"""
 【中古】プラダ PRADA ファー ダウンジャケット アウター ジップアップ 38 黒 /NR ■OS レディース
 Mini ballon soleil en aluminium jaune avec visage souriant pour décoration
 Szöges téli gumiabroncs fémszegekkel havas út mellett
"""
"""
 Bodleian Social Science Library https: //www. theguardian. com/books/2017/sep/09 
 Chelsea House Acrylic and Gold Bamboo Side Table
"""
"""
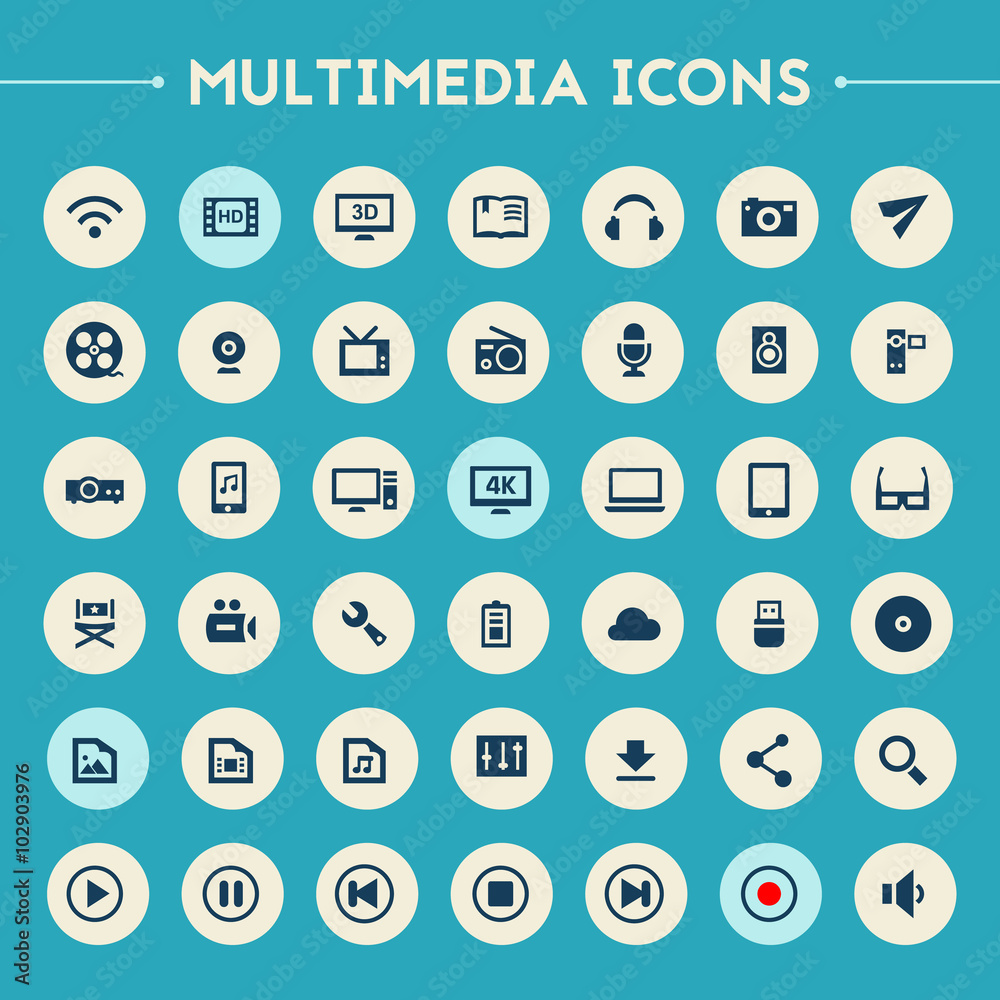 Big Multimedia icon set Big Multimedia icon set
"""
Activity
Give back, unchanged, the run of lines in the listing above that begins at the line containing "黒 /NR ■OS レディース" and ends at the line containing "Szöges téli gumiabroncs", both included.

Exercise result
 【中古】プラダ PRADA ファー ダウンジャケット アウター ジップアップ 38 黒 /NR ■OS レディース
 Mini ballon soleil en aluminium jaune avec visage souriant pour décoration
 Szöges téli gumiabroncs fémszegekkel havas út mellett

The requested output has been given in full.